GoogleCloudDataproc / spark-bigquery-connector

BigQuery data source for Apache Spark: Read data from BigQuery into DataFrames, write DataFrames into BigQuery tables.
Apache License 2.0
378 stars 198 forks source link

Issue with Map Type support (pyspark) #1278

Closed violetautumn closed 3 months ago

violetautumn commented 3 months ago

Hello,

As per the v0.38 release doc for the BQ-Spark connector, there is support for map type.

We were doing some functionality testing for a customer, and I tried to write the following map-type dataframe into BQ using the connector (using pyspark):

schema = StructType([
   StructField("name", StringType(), True),
   StructField("age-nested", MapType(IntegerType(), IntegerType(), True))])

data = [('Alice', {1:1,2:2}),('Bob', {3:3,4:4})]

df = spark.createDataFrame(data, schema)

For reference, following is the schema as printed by df.printSchema():

image

However, when I try to write it to BQ I am getting the error that maptype is not supported: java.lang.IllegalArgumentException: MapType is unsupported.

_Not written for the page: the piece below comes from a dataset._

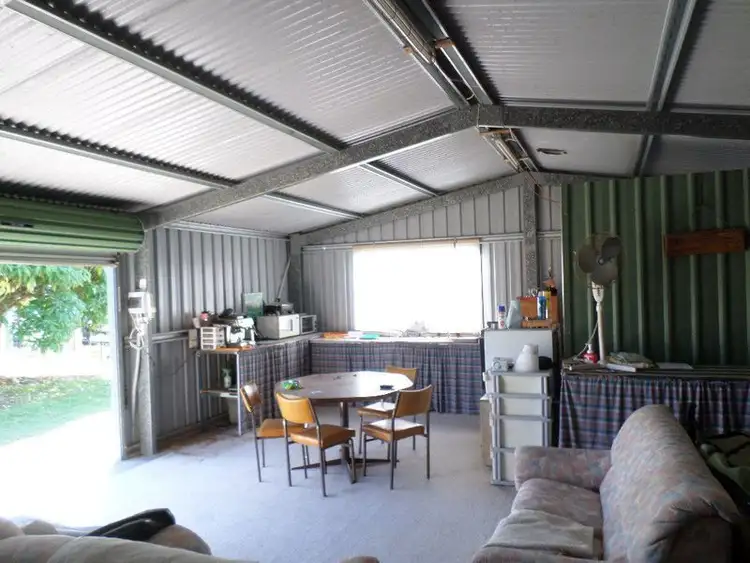 Fifth view of Homely land listing, 21 Hull Street, Buxton QLD 4660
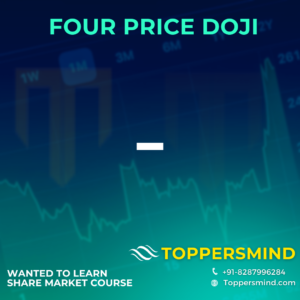 Four Price Doji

For reference, I am using the latest v0.40 connector with spark version 3.5 at the GCS location gs://spark-lib/bigquery/spark-3.5-bigquery-0.40.0.jar, and following is the df.write() statement that I am using:

df.write \
    .format("com.google.cloud.spark.bigquery") \
    .option("writeMethod", "direct") \
    .mode("append") \
    .save("sample_dataset.map_data3")

I wanted to ask if map-type only supported for scala or if the support is also extended for java using pyspark? And in case it is, can you please help resolving the issue as to how to perform the writes for map-type data?

davidrabinowitz commented 3 months ago

Please refer to the restrictions on Map types as listed in the documentation, specifically

Keys can be Strings only

In the code sample above the keys are of IntegerType.